Hacker News new | past | comments | ask | show | jobs | submit login
Internet Archive Seeks to Defend Against Wrongful Copyright Takedowns (torrentfreak.com)
255 points by jcr on Mar 25, 2016 | hide | past | web | favorite | 45 comments

The article about that on the Internet Archive written by Brewster Kahle himself:


"We filed comments this week, explaining that the DMCA is generally working as Congress intended it to. These provisions allow platforms like the Internet Archive to provide services such as hosting and making available user-generated content without the risk of getting embroiled in lawsuit after lawsuit. We also offered some thoughts on ways the DMCA could work better for nonprofits and libraries, for example, by deterring copyright holders from using the notice and takedown process to silence legitimate commentary or criticism."

And the Internet Archive DMCA 512 Comments are here:


And if you want the plain text version of the above:


Is the DMCA working the way Congress intended? All we ever talk about here is how it's constantly abused, and used as a club by large organizations over smaller parties.

Or, is that pretty much "what Congress intended?"

There are two parts.

1. Safe Harbor for websites, means you don't have personal liability as long as you comply

2. Ability for copyright holders to get stuff taken down quickly

1 is working fine, 2 is subject to abuse. The post says that 1 works.

If 1 was working fine, google wouldn't have had to implement Content ID. Which in turn led to even more of 2.

My understanding is that Google did that to cut down on the amount of time they spent responding to DMCA requests, not because they were worried about legal issues if they hadn't.

No, they were forced to implement it, as the copyright holder did not want to discuss with google every time. They wanted the right to shoot first, then ask.

The original post introducing it explicitly says it wasn't for legal reasons.


Do you have a source that says they were forced to do it by outsiders? Or any plausible way in which the DMCA required that?

Edit: also, content ID is automated checking of uploads. The ability for copyright owners to take down content directly is under a different program, I think.

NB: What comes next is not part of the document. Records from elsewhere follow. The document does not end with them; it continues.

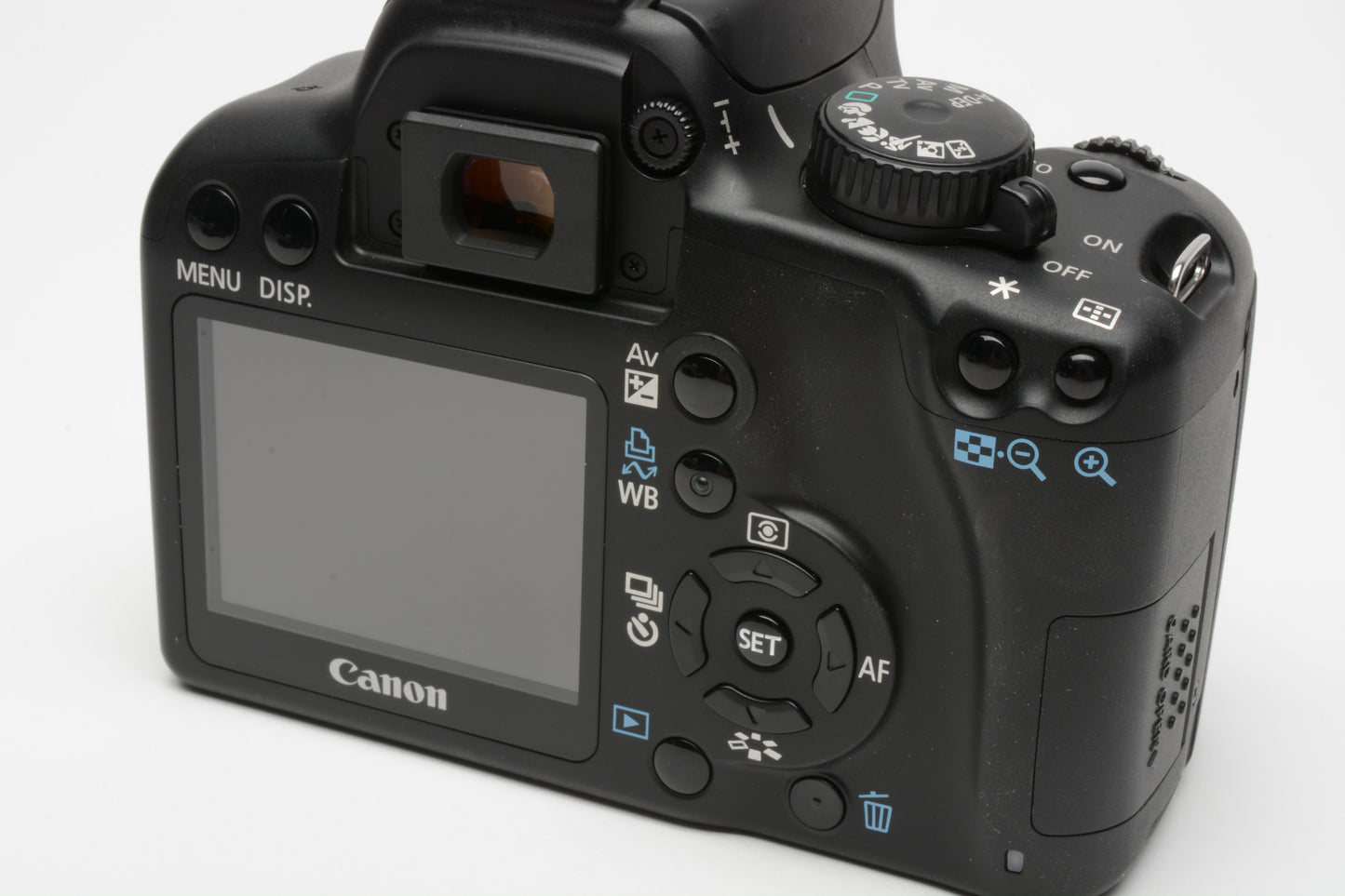 Canon EOS Rebel XS DSLR Body Only w/batt+charger Only 441 Acts!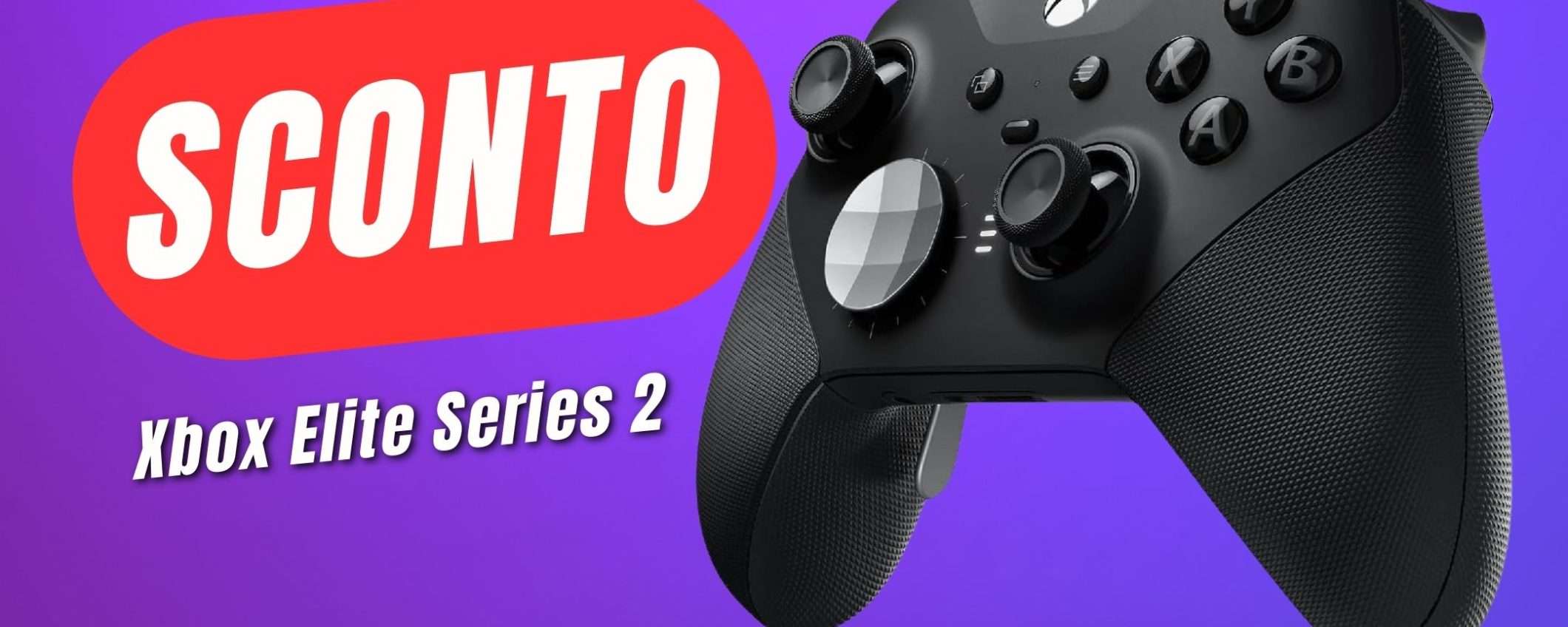 Il controller definitivo Xbox Elite Series 2 è in offerta su Amazon Il controller definitivo Xbox Elite Series 2 è in offerta su Amazon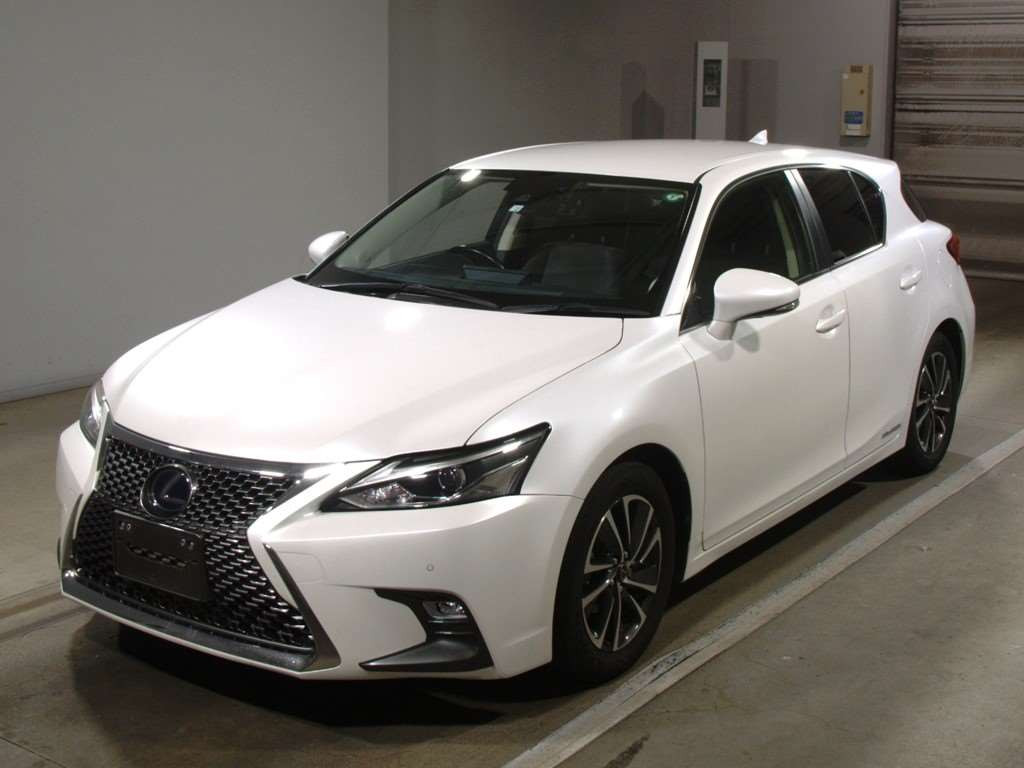 2018 Lexus CT ZWA10[0]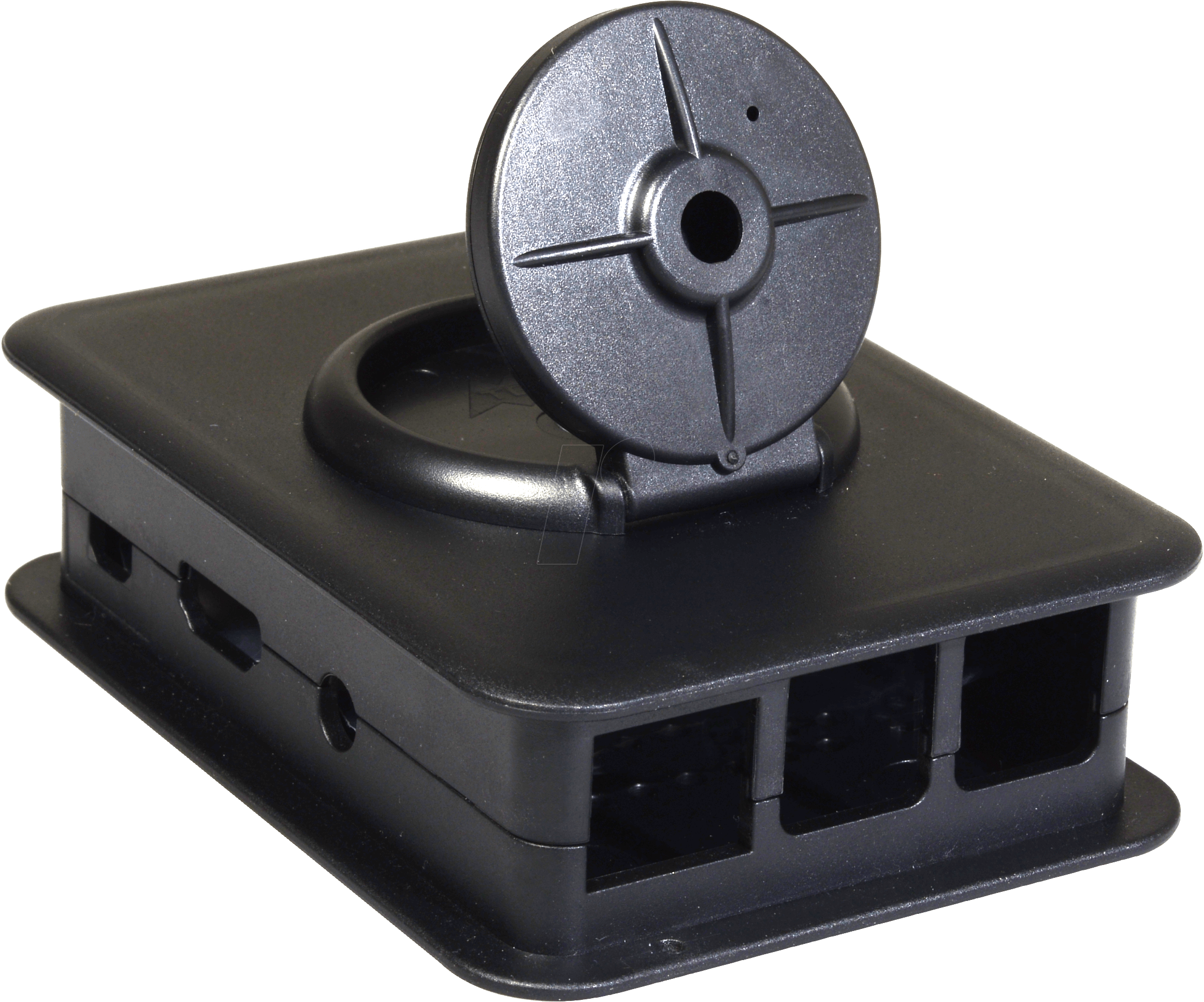 TEK-BERRYCAM+ SW - Gehäuse für Raspberry Pi 3 & Kamera, schwarz
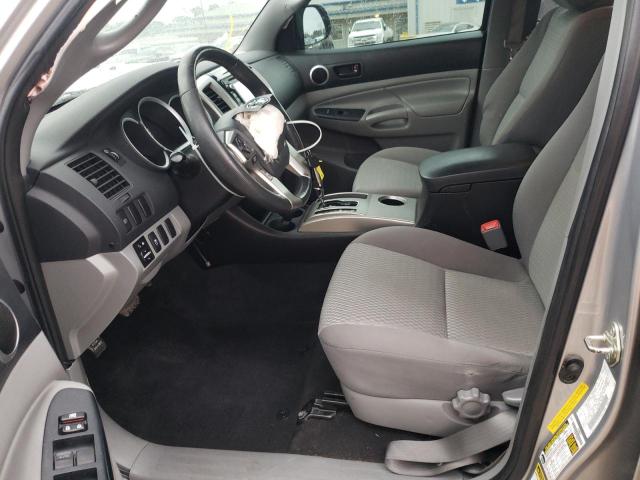 5TFJU4GN1FX068602 - 2015 TOYOTA TACOMA DOUBLE CAB PRERUNNER SILVER photo 7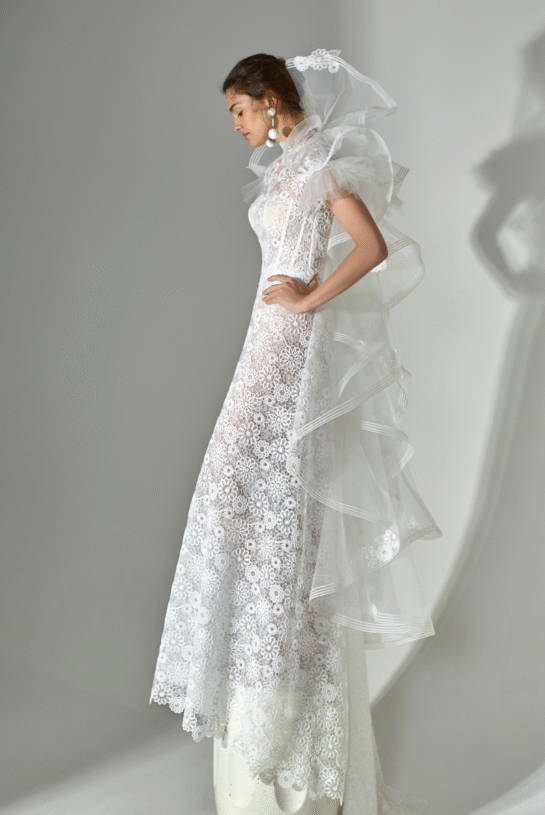 abito da sposa simmons collezione elisabetta polignano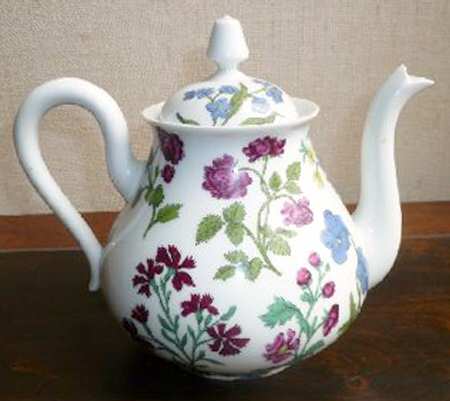 Herbier Teapot & Lid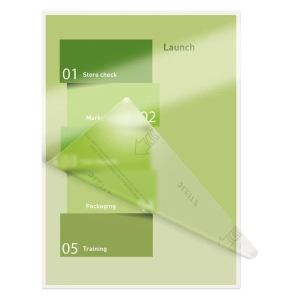 Folia laminacyjna do laminatora LEITZ A3 80mic. -237272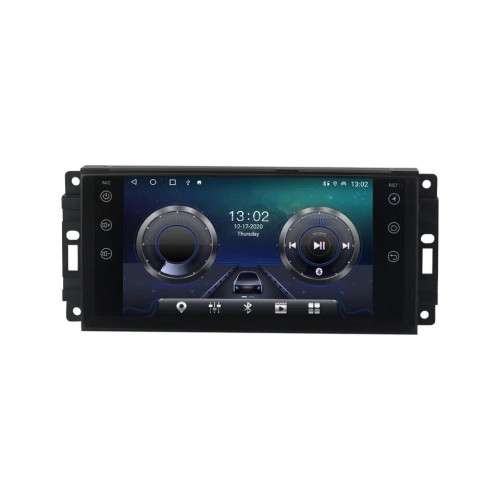 Штатная магнитола CarMedia MKD-7145-S10 для Dodge Avenger, Caliber, Caravan на Android 10.0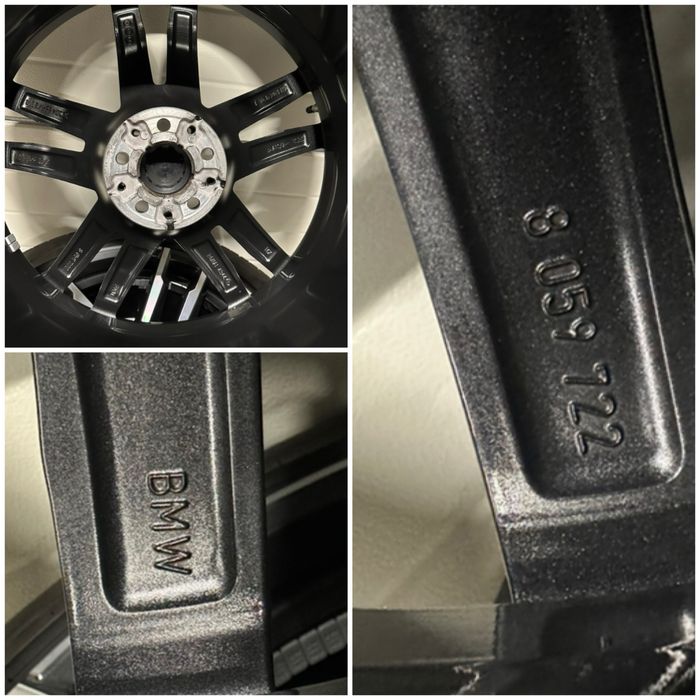 Jante 20 ORIGINALE BMW X3 M G01 X4 G02 Vara 265/45/20 255/45/20 764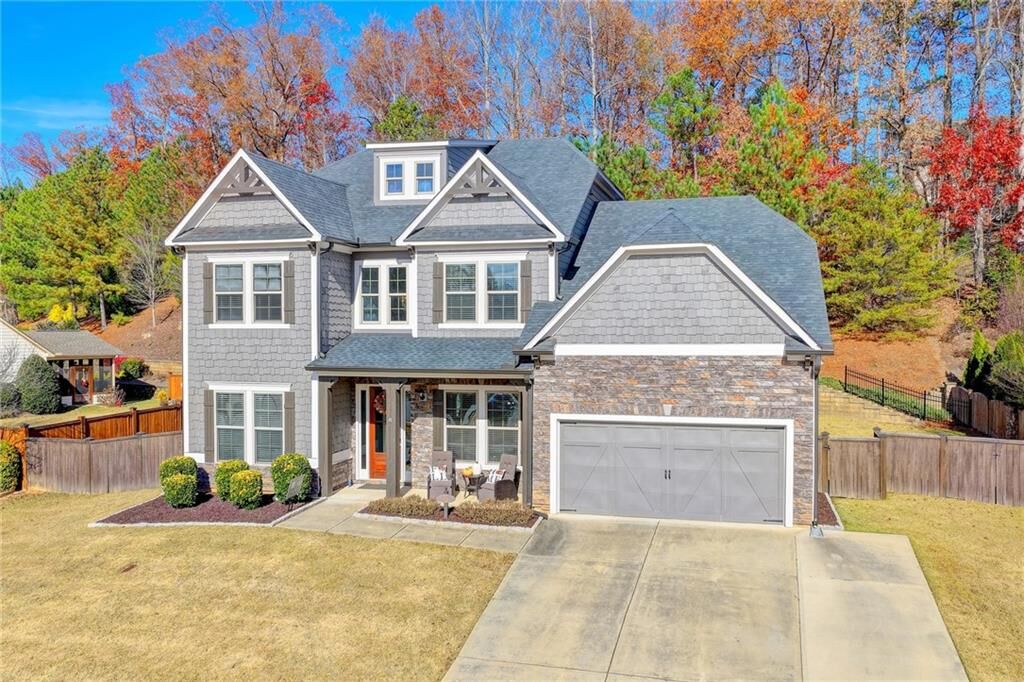 Property Photo:  427 Dawson Pointe Parkway  GA 30534 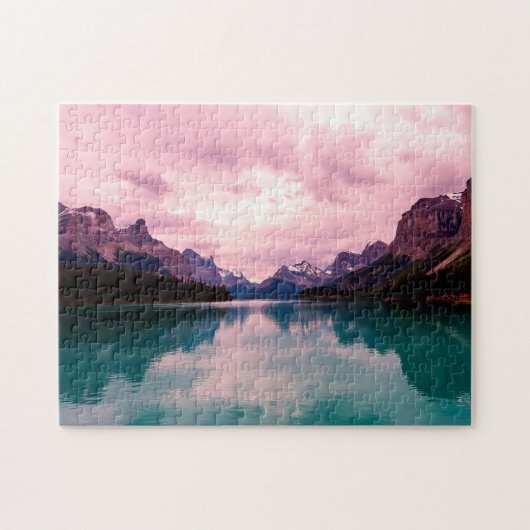 Landschaftliches Foto Schönes Puzzle (Horizontal)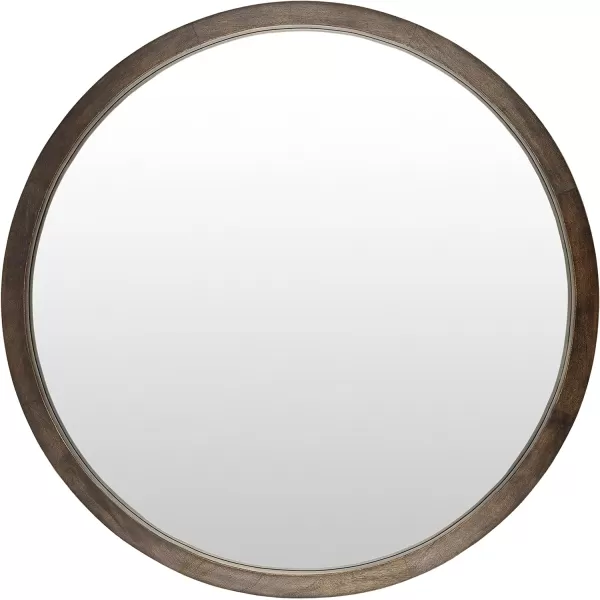 Artistic Weavers Ludi 18 inch Mirror37 inch Dark Brown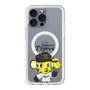 スリムプロテクションプレミアムケース with MagSafe［ 阪神タイガース - トラッキー ］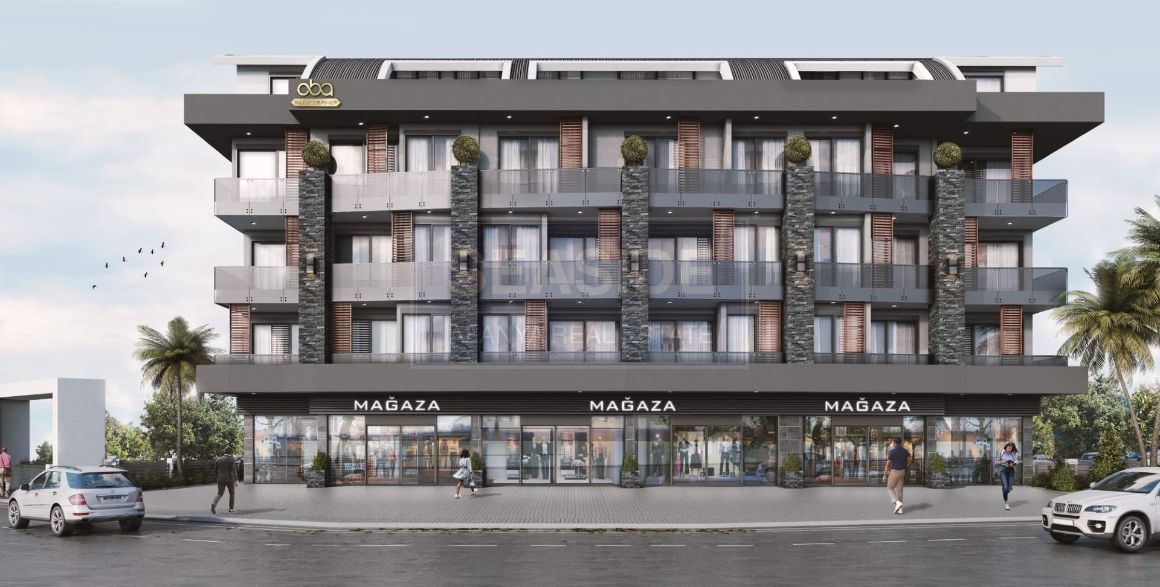 Квартира в Алании, Турция, 68 м2 фото 2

That's correct. Also, note that Google's take down system is NOT a DMCA take down request. It does not satisfy the requirements in several places, and it is actually stricter than the DMCA.

Google is basically volunteering to allow people to issue take down requests without consequences; if it was an actual DMCA take down, they would have to

And yes, Content ID is another system entirely where Google pattern-matches uploads (and old stuff when they feel like it); when hits are found, Google tends to reasign the monetization to the "content owner" that registered with Content ID. Getting that money back has generally been impossible, even in cases where Content ID clearly screwed up (false positive).

If you're interested in the history of how Google has been using Content ID, there is an older discussion[1] from a few years ago when Google really started to abuse Content ID hard.

[1] https://www.youtube.com/watch?v=bt1ubSVMwaw

Viacom sued YouTube when it first got big. Viacom argued that YouTube encouraged copyright infringement and knew about. The safe harbor is voided if the hosting company knew the content was copyrighted or made itself willingly blind of that fact.

So YouTube introduced content id to show that it really was taking copyright serious, and not just using plausible deniability.

Viacom mostly lost the case because there never was much better evidence that YouTube employees knew about individual copyrighted videos on the site.

Google probably keeps the system to avoid new suits and to make business partners happy. A lot of Google content isn't crowdsourced anymore, it's uploaded by big business suppliers who are essentially business partners. I imagine those contracts include content id to be used.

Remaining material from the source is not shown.